───── Data under study
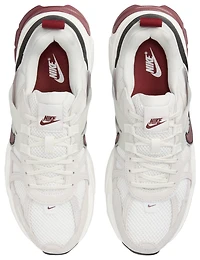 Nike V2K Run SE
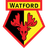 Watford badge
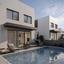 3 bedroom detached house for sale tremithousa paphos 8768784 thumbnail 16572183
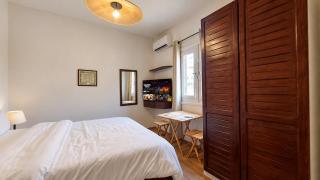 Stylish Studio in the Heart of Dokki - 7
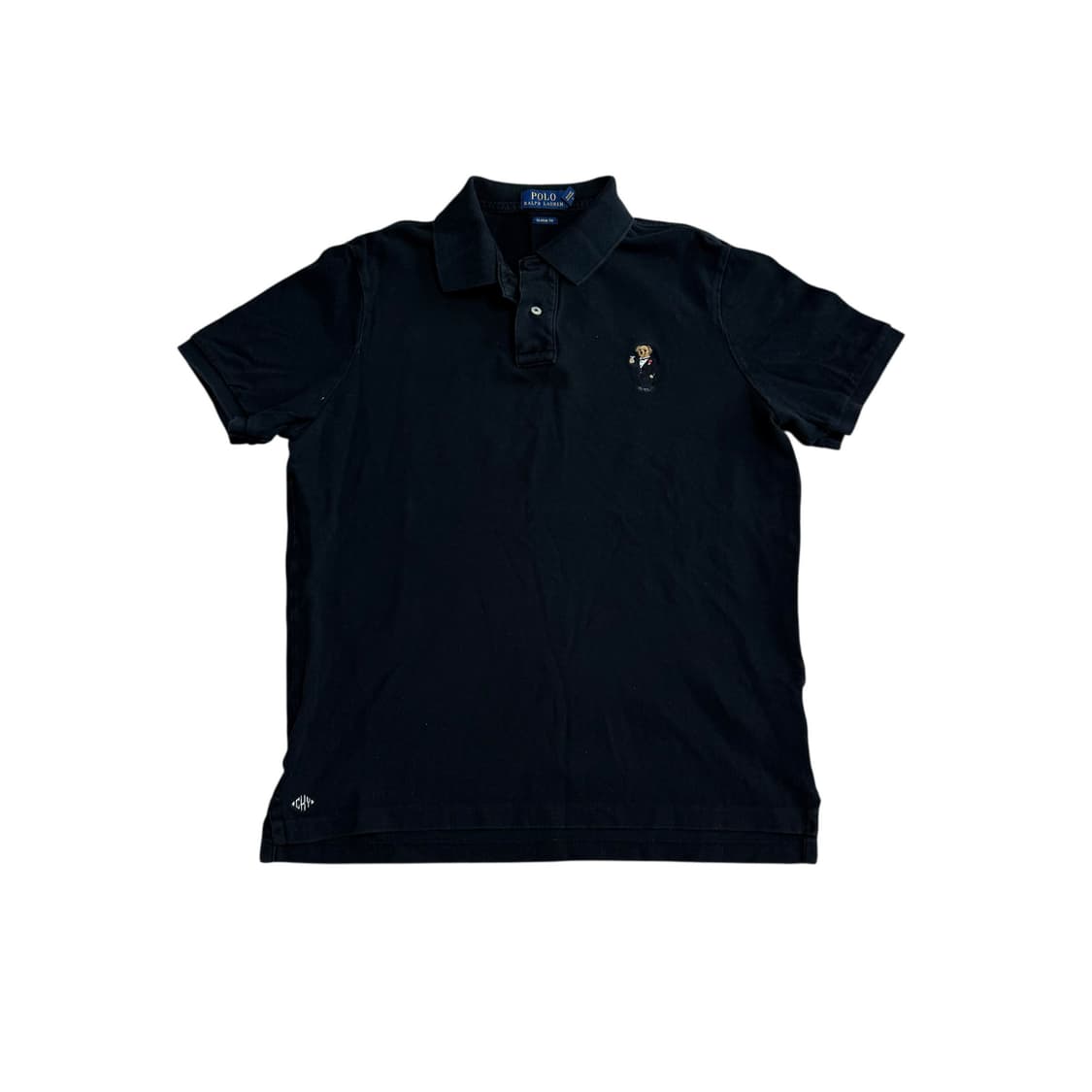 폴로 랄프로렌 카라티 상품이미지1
──────────
◆ What the task asks
Each entry is to be transcribed verbatim, and any picture in it is to be skipped.

◆ Solution
 Nike V2K Run SE
 Watford badge
 3 bedroom detached house for sale tremithousa paphos 8768784 thumbnail 16572183
 Stylish Studio in the Heart of Dokki - 7
 폴로 랄프로렌 카라티 상품이미지1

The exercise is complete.